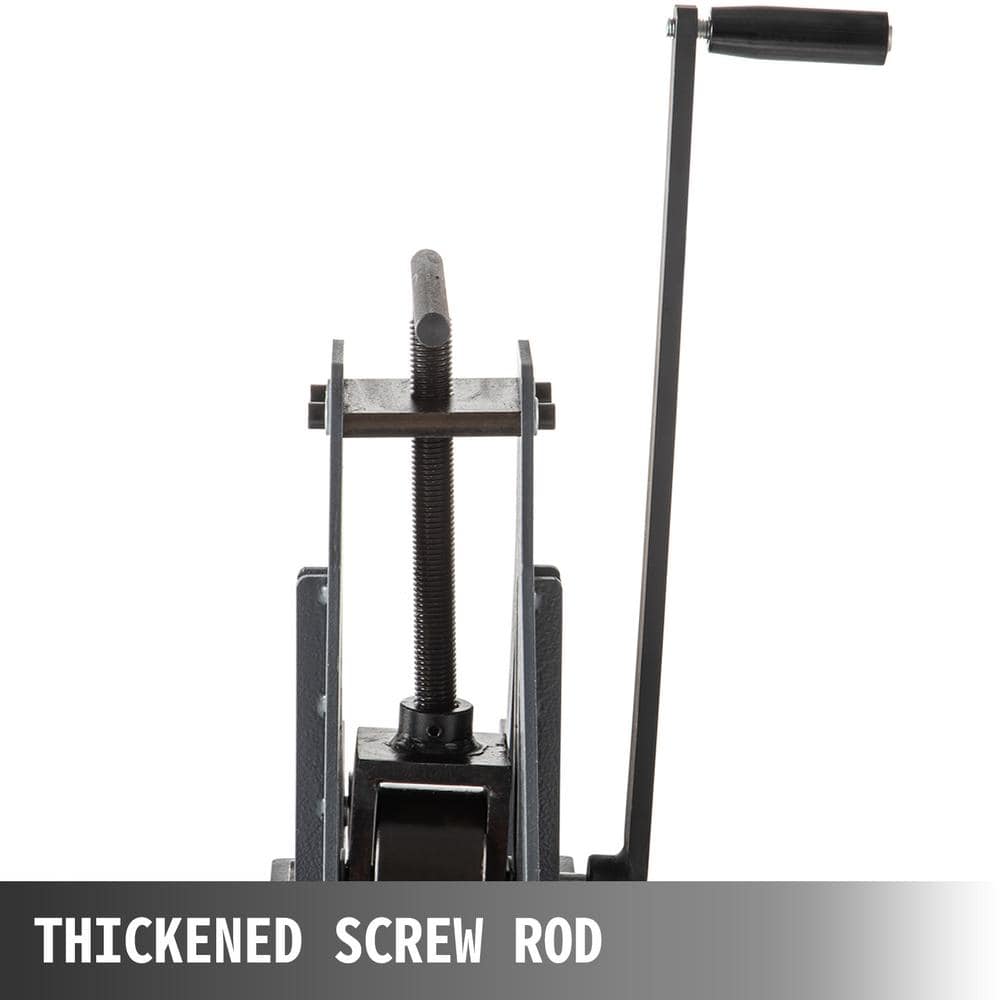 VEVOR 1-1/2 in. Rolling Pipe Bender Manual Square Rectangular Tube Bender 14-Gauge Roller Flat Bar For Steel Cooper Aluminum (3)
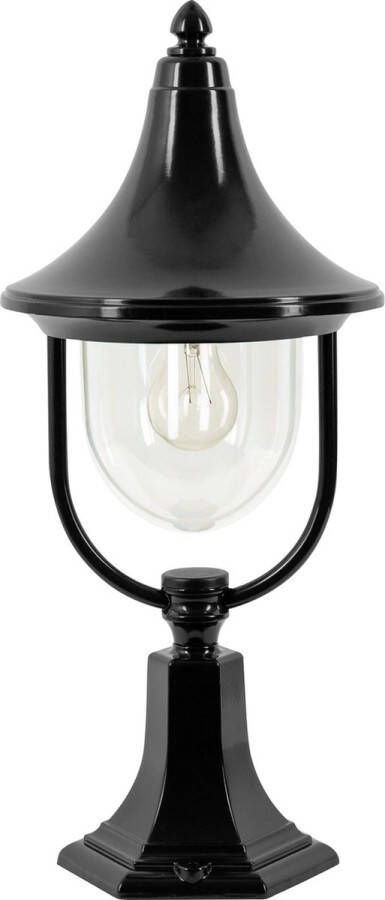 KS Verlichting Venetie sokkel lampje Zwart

* * *

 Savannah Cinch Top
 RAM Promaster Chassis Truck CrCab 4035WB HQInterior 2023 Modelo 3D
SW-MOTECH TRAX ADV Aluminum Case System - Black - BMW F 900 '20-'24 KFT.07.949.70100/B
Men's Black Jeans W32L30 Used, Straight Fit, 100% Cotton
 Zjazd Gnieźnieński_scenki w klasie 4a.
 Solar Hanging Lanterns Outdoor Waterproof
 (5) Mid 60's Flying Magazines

---

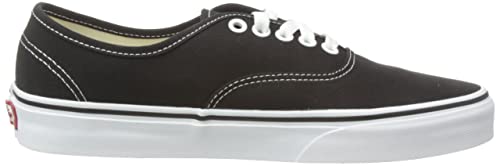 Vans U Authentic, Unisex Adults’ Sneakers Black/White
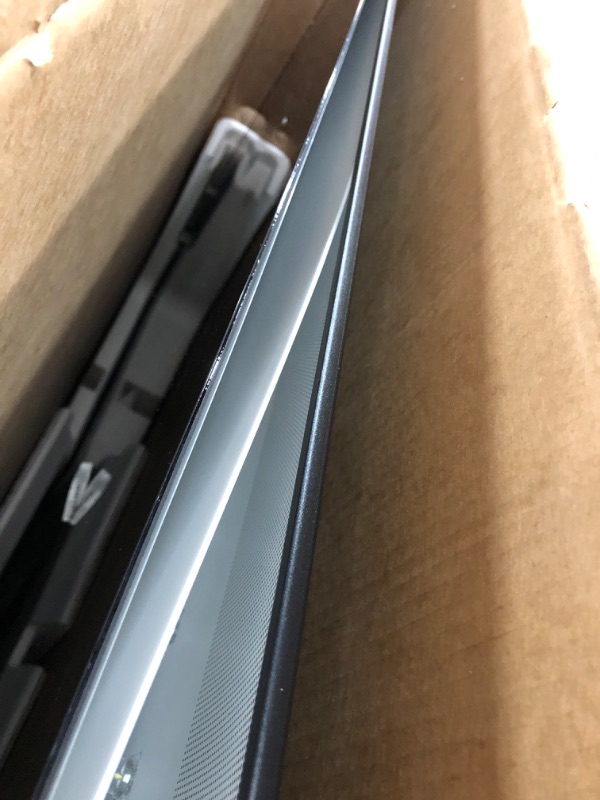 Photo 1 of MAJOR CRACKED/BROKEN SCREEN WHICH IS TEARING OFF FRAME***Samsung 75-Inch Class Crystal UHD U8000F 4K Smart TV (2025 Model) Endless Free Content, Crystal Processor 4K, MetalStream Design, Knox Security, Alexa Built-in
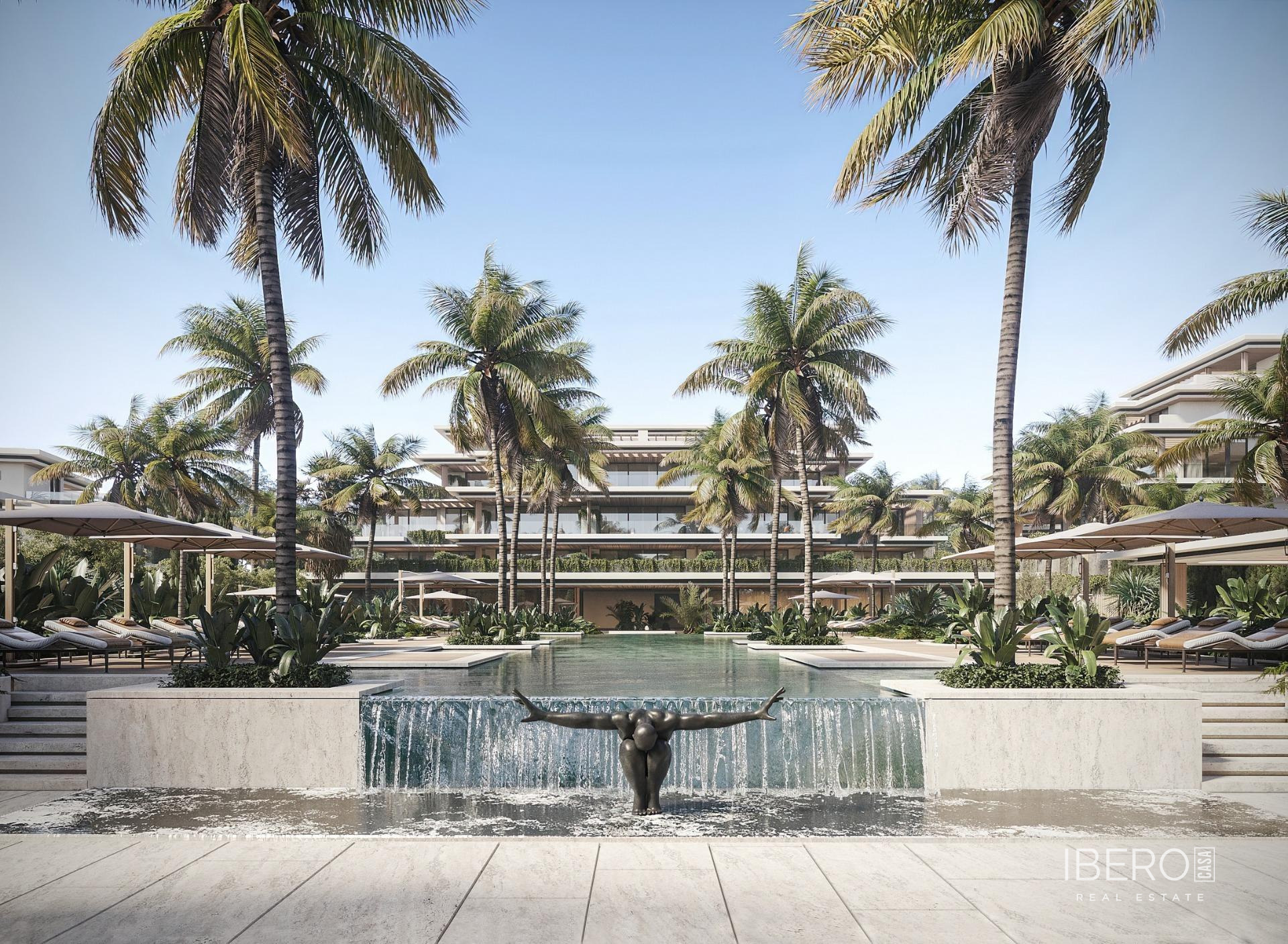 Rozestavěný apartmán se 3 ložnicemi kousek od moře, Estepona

PROBLEM STATEMENT =>
Transcribe, word for word, the lines of the listing above from the one that contains "VEVOR 1-1/2 in." through the one that contains "KS Verlichting Venetie sokkel lampje Zwart", keeping both ends and dropping the pictures.

ANSWER SECTION =>
 VEVOR 1-1/2 in. Rolling Pipe Bender Manual Square Rectangular Tube Bender 14-Gauge Roller Flat Bar For Steel Cooper Aluminum (3)
 KS Verlichting Venetie sokkel lampje Zwart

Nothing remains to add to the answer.